Please, from the entries below, transcribe exactly the lines that begin at the line with "Snapshot of therealbigcheese0695" and end at the line with "Bio-Bäuerin Elisabeth Fresen", without the pictures.

_DATASET RECORDS_.
* * * *

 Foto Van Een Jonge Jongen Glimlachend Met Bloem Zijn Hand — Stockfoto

* * * *

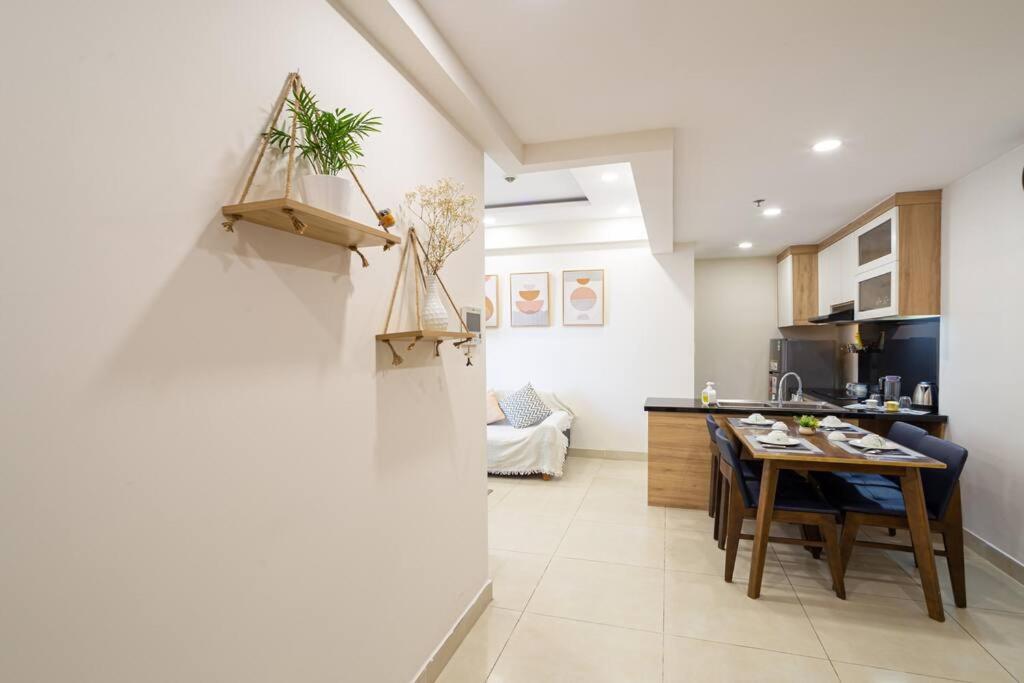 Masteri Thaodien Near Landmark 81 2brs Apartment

* * * *

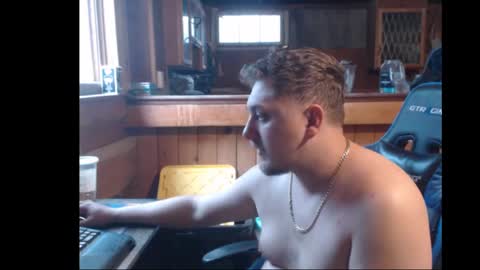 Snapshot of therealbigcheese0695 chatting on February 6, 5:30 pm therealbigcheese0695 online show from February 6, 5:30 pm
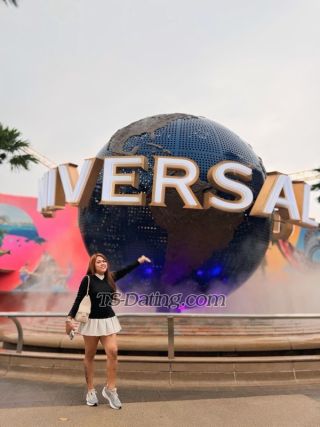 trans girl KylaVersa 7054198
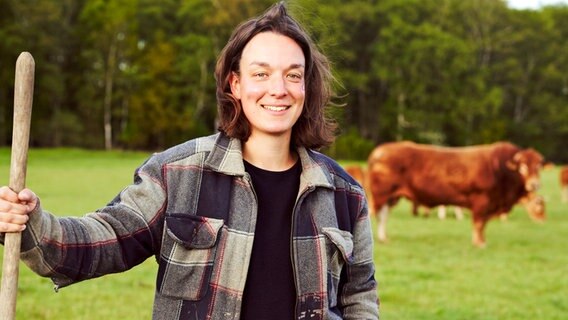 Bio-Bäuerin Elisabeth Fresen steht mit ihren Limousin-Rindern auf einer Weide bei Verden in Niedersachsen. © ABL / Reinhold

* * * *

_ANSWER FOR THIS EXERCISE_.
 Snapshot of therealbigcheese0695 chatting on February 6, 5:30 pm therealbigcheese0695 online show from February 6, 5:30 pm
 trans girl KylaVersa 7054198
 Bio-Bäuerin Elisabeth Fresen steht mit ihren Limousin-Rindern auf einer Weide bei Verden in Niedersachsen. © ABL / Reinhold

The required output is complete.